Keine kurzfristigen Lösungen

Im Nahen Osten stehen solche gemeinsamen Schritte noch aus. Sie werden sehr viel schwieriger zu organisieren sein, da sich innerhalb der EU ein propalästinensisches und ein proisraelisches Lager gegenüberstehen und in der Regel blockieren. Zudem sind die Konflikte im Nahen Osten wesentlich komplexer als die Auseinandersetzung im Osten der Ukraine. Im Irak und Syrien toben Bürgerkriege, Libanon ist instabil, Israel und Palästina finden keinen Frieden. Auch Ägypten und Libyen sind zunehmend zerrissene Staaten - niemand weiß, wie lange Jordanien, die arabische Halbinsel und die Golfregion einigermaßen stabil bleiben.
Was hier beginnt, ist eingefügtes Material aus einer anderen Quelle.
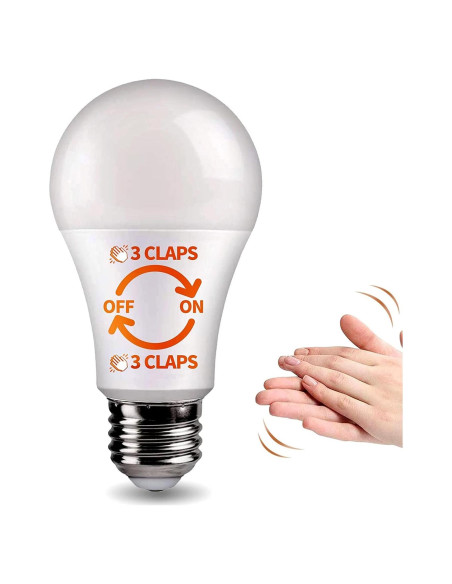 Bombilla LED Control de Aplausos 8W Guangzhou CLAPBULB_V1 Bombilla LED Control de Aplausos 8W Guangzhou CLAPBULB_V1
Das iranische Atomprogramm macht die Krise noch komplexer, ebenso der religiös aufgeladene Hegemonialkonflikt zwischen dem schiitischen Iran und dem sunnitischen Saudi-Arabien um die Vorherrschaft in der Region. Lösungen für diese ineinander verwobenen Konflikte sind kaum absehbar.

Es wird in Europas südöstlicher Nachbarschaft keine kurzfristigen Lösungen geben. Wahrscheinlicher ist, dass die Konflikte dort weiter eskalieren; zu befürchten ist, dass eine ganze Region im Chaos zu versinken droht. Wir stehen vor Jahren der Gewalt. Auch für die europäische Union bringen sie große Risiken mit sich. Ein Teil des nahöstlichen Konfliktpotenzials droht nach Europa exportiert zu werden, der direkten Nachbarregion des Nahen Ostens. Die EU wird sich, ob sie will oder nicht, diesen Konflikten nicht entziehen können. Es wird auch im Nahen Osten über ihre innere und äußere Sicherheit mit entschieden werden.

Die Europäer werden also lernen müssen, mit einer zunehmend unsicher werdenden Nachbarschaft zu leben. Sie werden kluge und am langfristigen Erfolg orientierte Antworten auf diese Entwicklung finden müssen. Diese Antworten wird kein einziger europäischer Nationalstaat mehr alleine geben können - sie müssen von einer geeinten EU kommen. Deshalb müssen die Staaten der Union dringend die Integration vertiefen; ihre gemeinsame Sicherheits- und Außenpolitik bräuchte nun einen neuen Start. Davon allerdings sind die Europäer leider immer noch weit entfernt.